For the fMRI scans, subjects viewed point light animations of coherent and scrambled biological motion in a block design [2] (24s per block). The fMRI data was preprocessed using FSL [8] as follows: 1) motion correction using MCFLIRT, 2) interleaved slice timing correction, 3) BET brain extraction, 4) spatial smoothing (FWHM=5mm), and 5) high-pass temporal filtering. The functional and anatomical data were registered to the MNI152 standard brain atlas [9]. The first few frames were discarded, resulting in 146 frames for each fMRI sequence.

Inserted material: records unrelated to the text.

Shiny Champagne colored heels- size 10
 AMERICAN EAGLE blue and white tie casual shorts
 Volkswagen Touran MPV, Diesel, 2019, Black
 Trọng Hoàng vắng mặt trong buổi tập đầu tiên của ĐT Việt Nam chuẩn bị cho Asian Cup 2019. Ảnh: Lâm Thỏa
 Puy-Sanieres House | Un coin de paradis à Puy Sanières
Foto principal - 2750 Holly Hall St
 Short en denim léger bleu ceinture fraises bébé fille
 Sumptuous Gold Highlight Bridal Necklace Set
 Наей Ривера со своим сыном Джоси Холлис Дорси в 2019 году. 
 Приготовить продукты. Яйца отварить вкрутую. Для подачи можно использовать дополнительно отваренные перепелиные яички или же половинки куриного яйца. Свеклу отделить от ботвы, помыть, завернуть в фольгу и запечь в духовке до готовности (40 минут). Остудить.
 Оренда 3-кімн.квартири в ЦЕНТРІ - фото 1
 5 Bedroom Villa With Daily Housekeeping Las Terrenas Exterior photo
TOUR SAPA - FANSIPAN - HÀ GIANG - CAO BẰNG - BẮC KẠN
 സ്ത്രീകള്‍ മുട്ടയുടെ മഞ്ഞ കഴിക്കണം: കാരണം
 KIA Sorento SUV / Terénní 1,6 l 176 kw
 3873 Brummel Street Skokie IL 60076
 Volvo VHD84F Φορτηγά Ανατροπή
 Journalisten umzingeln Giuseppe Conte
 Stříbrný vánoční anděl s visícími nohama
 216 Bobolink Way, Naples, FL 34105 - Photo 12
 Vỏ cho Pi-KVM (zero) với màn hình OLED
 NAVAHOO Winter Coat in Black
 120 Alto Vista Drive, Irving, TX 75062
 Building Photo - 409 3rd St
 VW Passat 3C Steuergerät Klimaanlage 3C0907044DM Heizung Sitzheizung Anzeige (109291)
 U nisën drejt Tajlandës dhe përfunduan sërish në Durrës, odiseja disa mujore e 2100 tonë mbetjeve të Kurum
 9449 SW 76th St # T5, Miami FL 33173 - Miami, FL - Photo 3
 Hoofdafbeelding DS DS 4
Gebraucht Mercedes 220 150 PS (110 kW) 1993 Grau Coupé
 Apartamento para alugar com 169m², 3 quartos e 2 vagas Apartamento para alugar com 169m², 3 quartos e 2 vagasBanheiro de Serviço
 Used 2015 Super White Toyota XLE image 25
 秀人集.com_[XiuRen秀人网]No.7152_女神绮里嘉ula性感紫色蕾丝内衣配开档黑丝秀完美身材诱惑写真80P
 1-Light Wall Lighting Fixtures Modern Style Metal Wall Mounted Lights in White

3.2. Model Training and Testing

In our experiments, validation data was used to choose the best stopping epoch, avoiding overfitting. To test the robustness of the algorithm, four sets of training, validation and testing subjects were randomly sampled with stratification based on the subject’s label (control or ASD). For every set, 85% of the subjects were selected as training data, 7% of the subjects were selected as validation data, 8% of the subjects were selected as testing data. All the 3D volume data were standardized by subtracting the mean and dividing all voxels by the maximum absolute value before feeding into the model. In statistical analysis of binary classification, the F score is a measure of a test’s accuracy. It consider both Precision=tptp+fp and Recall=tptp+fn, where tp is true positive, fp is false positive and fn is true negative. The F-score is defined as 2Precision Recall/(Precision + Recall). F-scores of each testing performance were recorded.

3.3. Input Comparison

Initially, the modified C3D network was tested on task fMRI and residual fMRI without sliding window. The task-fMRI did not perform well (Table 1) likely because the 3D volumes varied in a single subject, and it was difficult to learn the common features for all the 3D volumes in a single subject. Residual-fMRI is the signal that represents the residual after modeling out the biological and scrambled motion blocks and their temporal derivative effects from task-fMRI by GLM analysis [10]. Residual-fMRI is independent on the task parameters and subject parameters, making it easier to learn the common features of the fMRI signals in the same class. So our sliding window experiment was based on residual-fMRI. From each sliding window we generate a mean and a std image. Then the single mean channel input, single std channel input, and the combined 2-channel input were tested in the proposed 2CC3D model. Sliding window data were generated using w = 3 and stride = 1.

Table 1.

F-score of different inputs (w = 3, stride = 1)

Input task-fMRI residual-fMRI std-channel mean-channel 2-channel
F-score 0.70 ± 0.15 0.83 ± 0.06 0.78 ± 0.03 0.85 ± 0.07 0.89±0.05

The results are shown in Table 1. The 2-channel input improved the F-score over other input strategies as mean-channel smoothed the noisy signal and 2CC3D model can learn noise information from std-channel. If the std of the voxel was too high, then the 2CC3D model would suppress the effect of voxel’s mean value.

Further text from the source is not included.